You must have come across the term Cost Of Goods Sold or simply called COGS when you meet your accountant or at a corporate meeting.
If you’ve wondered ever what is it and why is it so much important then this article is for you.
Let’s first understand the term Cost of Goods Sold.
Cost of Goods Sold (COGS) is a direct cost of the production of the goods or products sold by a company. This amount includes the additional material charges as well which are used for the delivery and packaging of the goods.
However, it excludes indirect costs such as sales & marketing.
The primary motive of starting any business is to earn a profit. A business person can earn profit only when he knows his exact expenses and incomes by selling his/her goods.
Cost of Goods Sold gives the idea to a business person about his expenditure in procuring the material he wants to sell. Therefore, it becomes an important part of his finances. Here are some of the benefits of knowing Cost Of Goods Sold (COGS).

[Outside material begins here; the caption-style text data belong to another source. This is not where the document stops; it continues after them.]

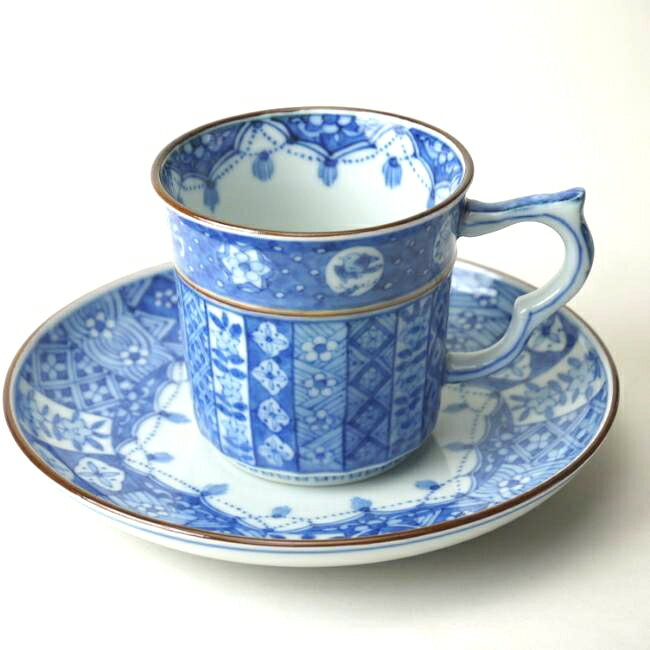 京焼 清水焼 繋ぎ古紋コーヒー碗皿 昭阿弥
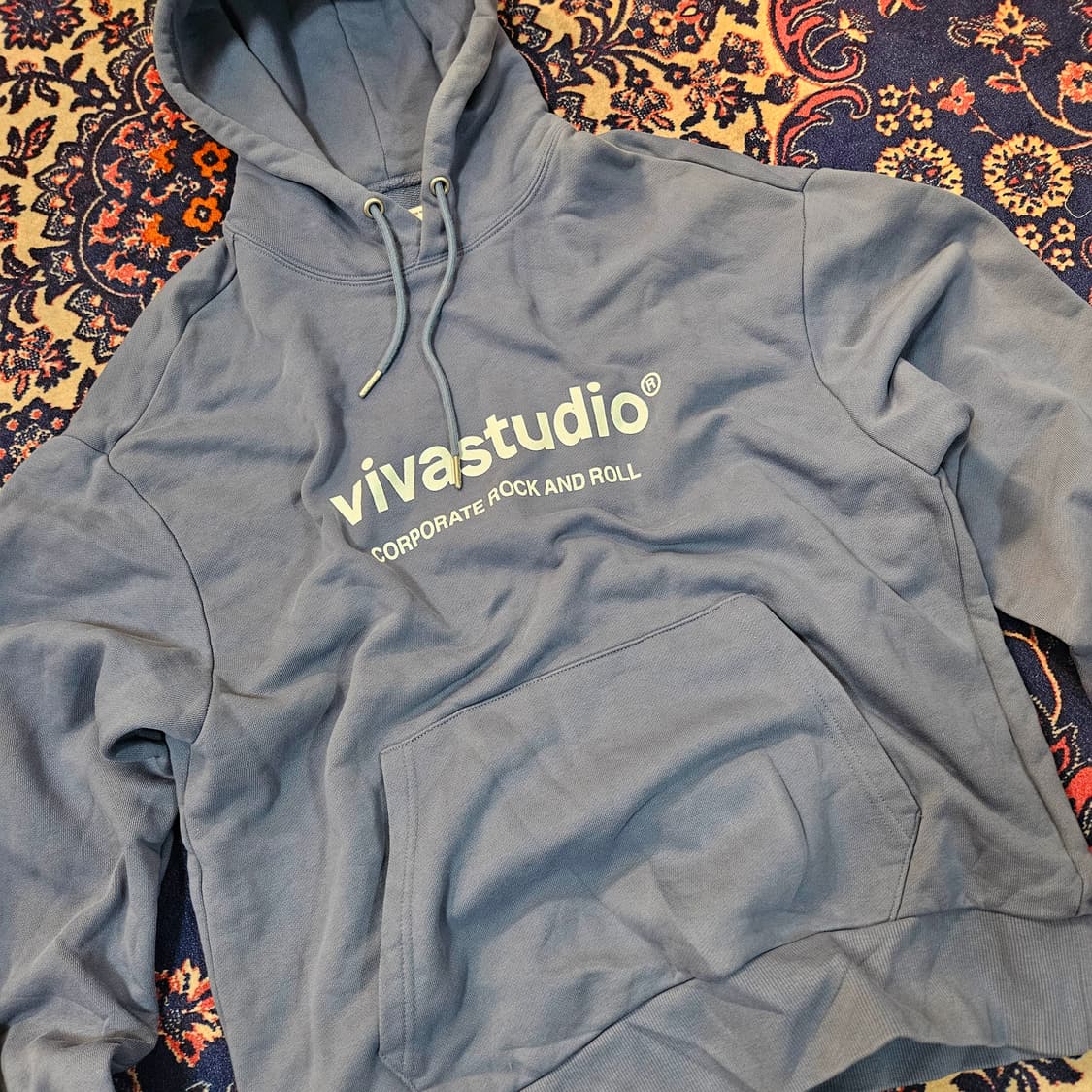 비바스튜디오 시그니쳐 로고 빈티지 블루 후드티셔츠 XL 상품이미지2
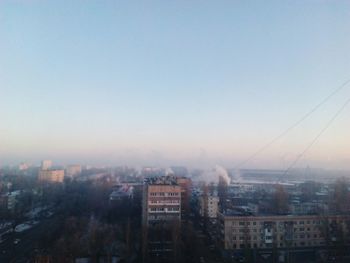 Cityscape against clear sky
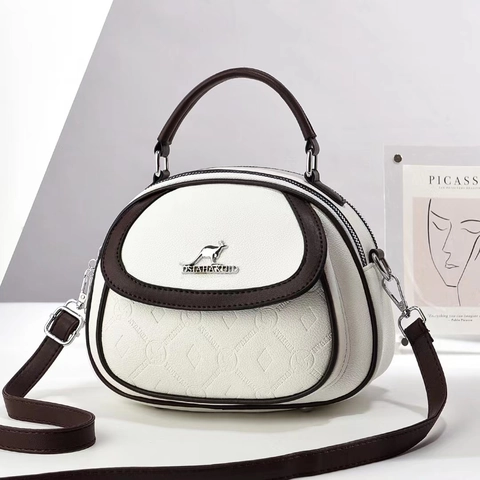 Women Shell Handbag PU Leather Contrast Color Large Capacity Shoulder Crossbody Bag Elegant Daily Style Top Handle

Now that you know the importance of calculating the COGS, let’s learn how to calculate COGS using a formula.
So, without wasting any more time, here’s the Cost of Goods Sold formula:
COGS = Beginning Inventory + Purchases made during the period – Ending Inventory
The cost of goods sold equation, although being a bit strange, certainly makes sense.
To calculate the overall annual spendings, you will always have to start from the beginning inventory. There are chances that some new items were introduced in the beginning inventory, so a new inventory that is purchased is added to the old one. Now, as we are to calculate how much of the inventory was sold, subtract the ending inventory.
Let’s assume that ‘x’ business uses the calendar year to record their inventory. Now, the beginning inventory was recorded on 1st January and the ending inventory was recorded on 31st December.
The beginning inventory cost was $20,000. While the sales were on, the retailer realized that the business might need an additional inventory worth $7,000. At the end of the calendar year, the ending inventory proved out to be worth $4,000. Now, let’s try to find the Cost of Goods Sold for the entire year by calculating with our formula.
COGS = Beginning Inventory + Purchases made during the period – Ending Inventory
COGS = $20,000 + $7,000 – $4,000
Therefore, COGS = $23,000.
The cost of goods sold equals $23,000, as calculated. Now, this figure will help you with fair decisions, choosing vendors with direct material prices, etc.
As the COGS is calculated, this can also help you to calculate your yearly gross income. Suppose, your annual revenue is $75,000.
Now, with the cost of goods sold statement in your hands, your gross income will be $75,000 – $23,000 = $52,000.
COGS – the key business takeaways
As inventory is a valuable asset, till the time the product or the goods remain a part of that inventory, the amount of that product remains in the asset account. As soon as the product is sold, that amount (along with all the additional charges) goes into the expense amount which is also called ‘cost of goods sold’.
COGS always appears on the profit and loss statement and is also used for inventory control measurements.